Completed: Eight Sweets, The Heart of Tales, [redacted] Life, Must Love Jaws, A Tune at the End of the World, Three Guys That Paint, The Journey of Ignorance, Portal 2.5.
It can be from a book, from a film, from a video game, whatever. Preferably twists mysteries but it doesn't have to be. You can list several, or just one. It just needs to be a twist that you liked.
If it's spoiler-heavy (such as an ending), please spoiler-hide the title of the work (and possibly character names), but not the twist.
For example:
Star Wars
The villain is the protagonist's father.
I'll start off:
Dirk Gently, episode 3.
The detective's guesses of who the murderer was, was incorrect because of a handwritten clue he found (which he thought was written by his client). Turns out, it wasn't written by the client... it was written by her maid. This was foreshadowed by the client saying early-on that she recently had a car crash (which would've injured her writing-arm).

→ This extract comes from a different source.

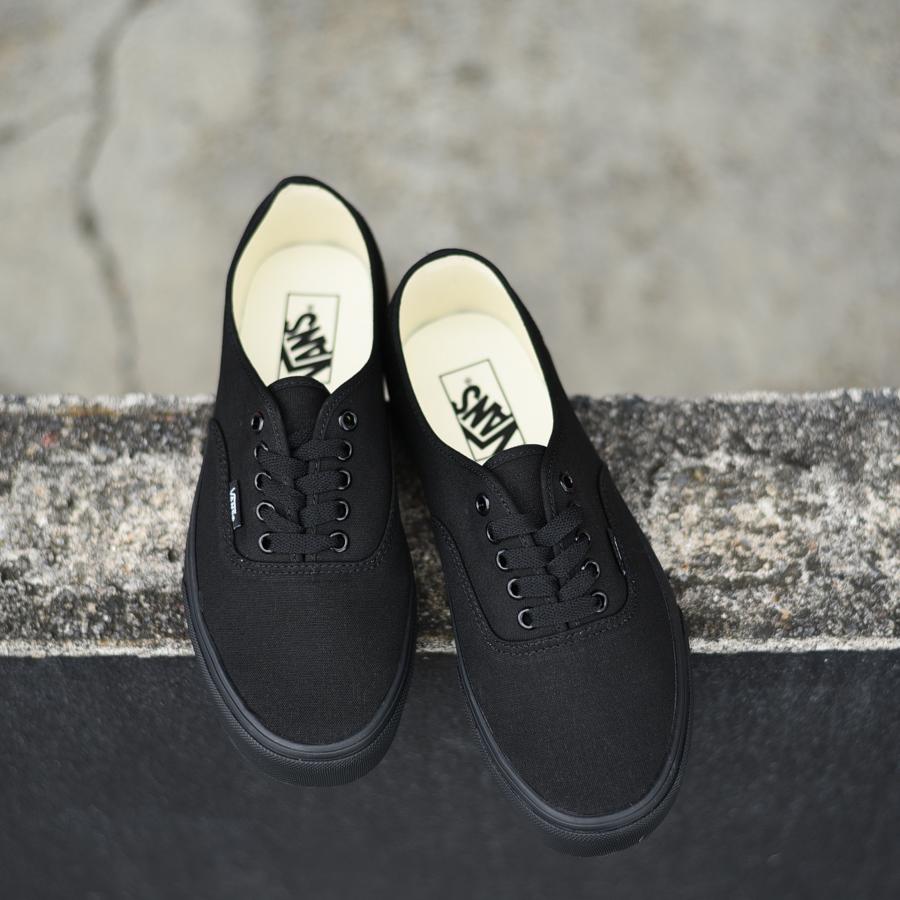 VANS バンズ ヴァンズ スニーカー正規取扱店商品AUTHENTIC VANS バンズ ヴァンズ スニーカー正規取扱店商品AUTHENTIC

Last edited by Katy133 on Sun Jan 31, 2016 10:28 pm, edited 1 time in total.
I'm not /super/ sure how to explain the twist, but I'll try. Basically, the male lead is an illusion espoused by the female lead -- then the community -- into existence as a 'specter' of sorts that only the FMC can see but that everyone else in the community can sense.
I realize that disco dance breaks are becoming so common in sci-fi that it's almost a cliché (Guardians of the Galaxy, The Martian, multiple Star Wars video games), but there was one in a more serious movie recently that really surprised me. It was funny, but also weirdly sinister and made enough sense in the context of the characters that it didn't feel out of place.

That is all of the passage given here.